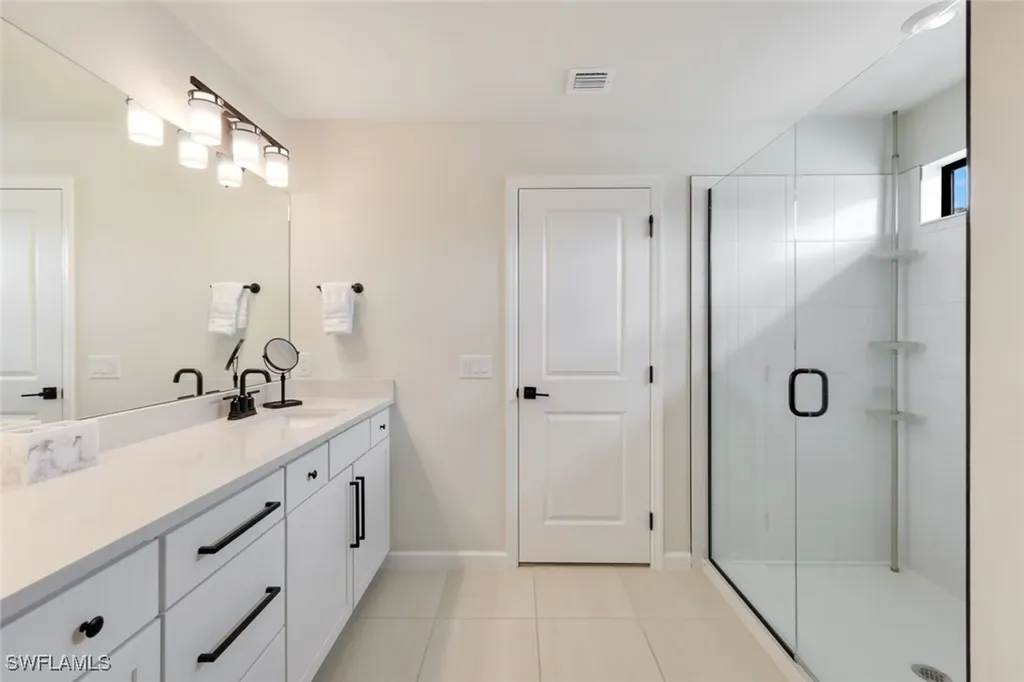 10427 Ventana Lane Naples FL 34120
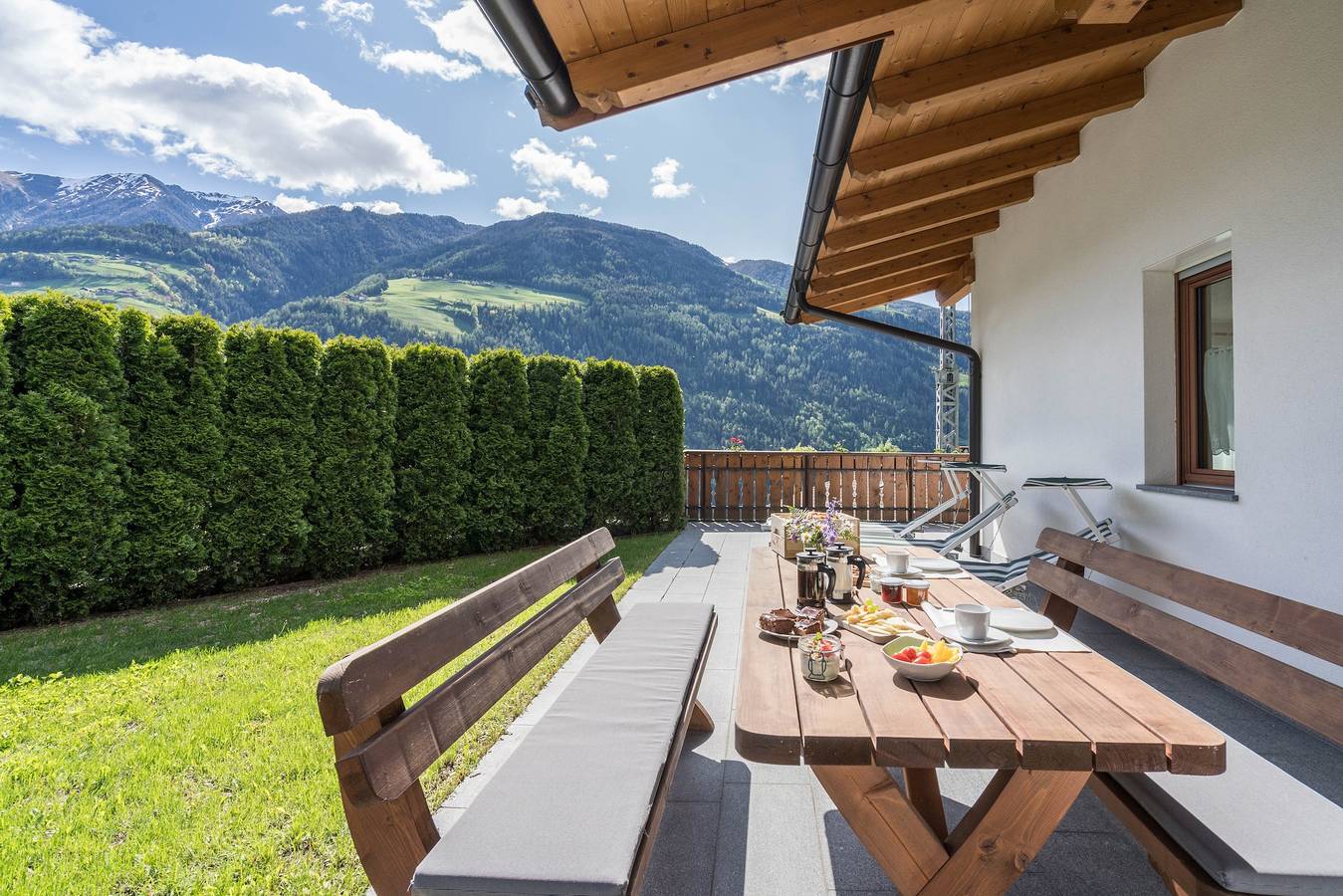 Appartamento intero, Appartamento "Pfandlerhof Rot" con vista sulle montagne, Wi-Fi, balcone e giardino in San Martino in Passiria, Val Passiria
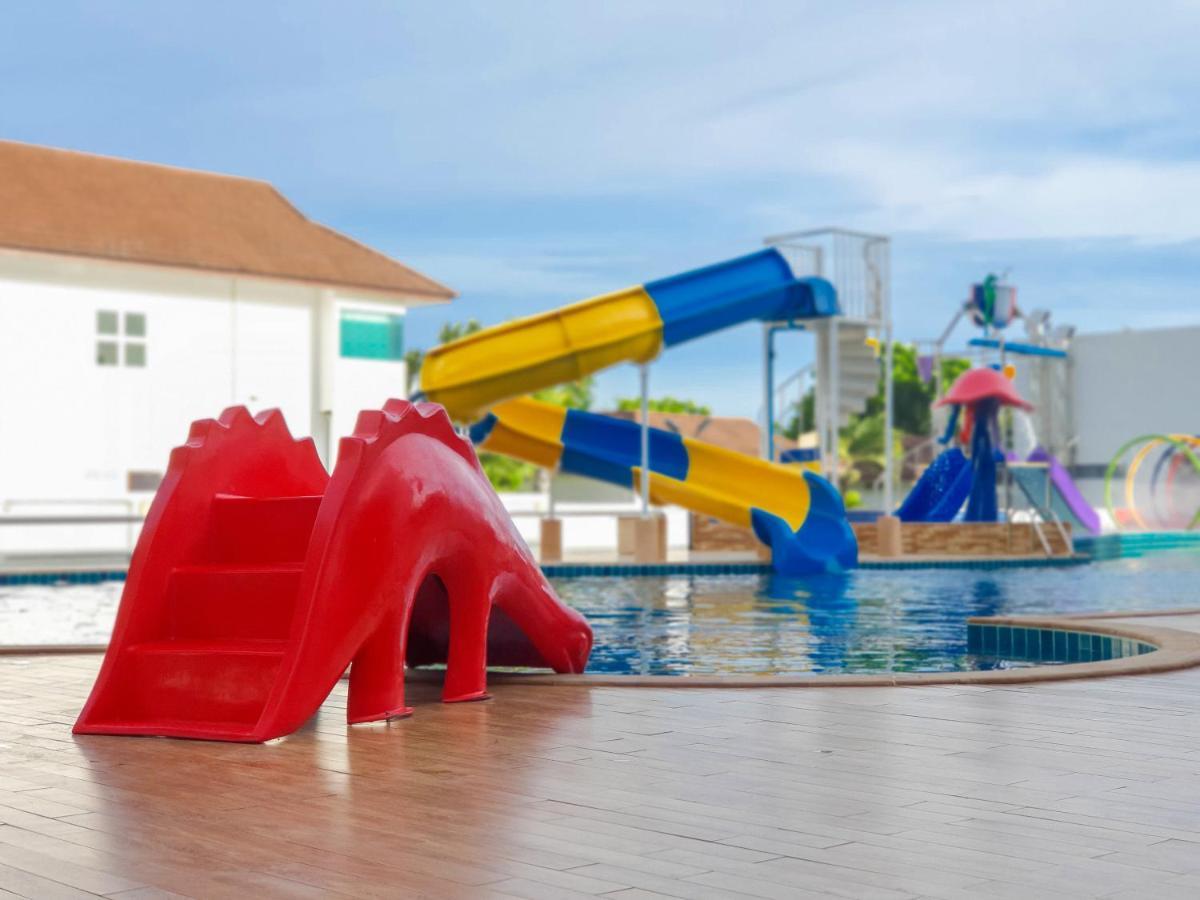 Saint Tropez Beach Hotel Chanthaburi Esterno foto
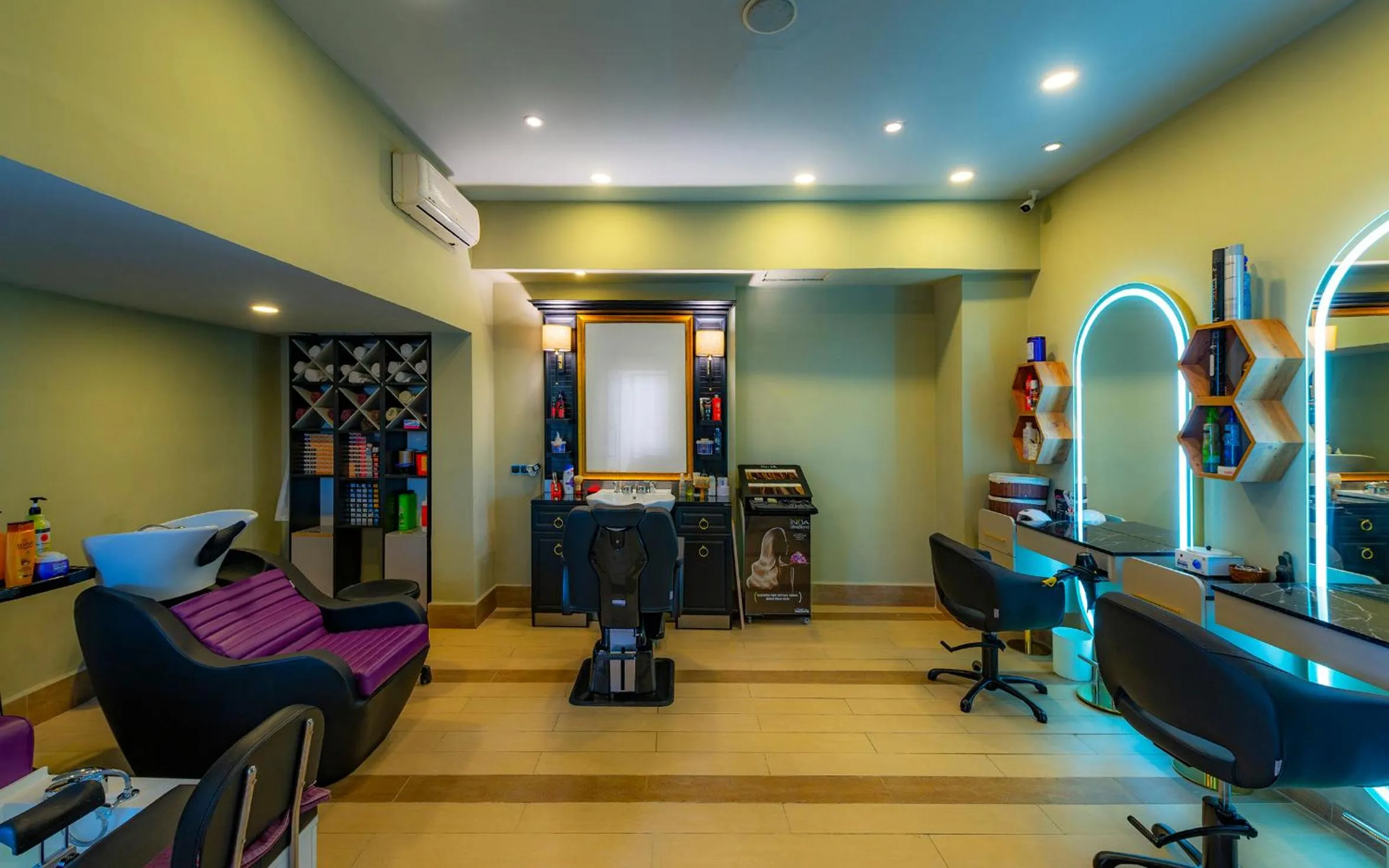 hair dresser in Samara Hotel Bodrum Ultra All Inclusive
══════════
◆ TASK DIRECTIONS ◆
The required output is an exact copy of the lines from the one with "Appartamento intero, Appartamento" through the final line of the data above, with pictures removed.

◆ RESULT FOR THIS TASK ◆
 Appartamento intero, Appartamento "Pfandlerhof Rot" con vista sulle montagne, Wi-Fi, balcone e giardino in San Martino in Passiria, Val Passiria
 Saint Tropez Beach Hotel Chanthaburi Esterno foto
 hair dresser in Samara Hotel Bodrum Ultra All Inclusive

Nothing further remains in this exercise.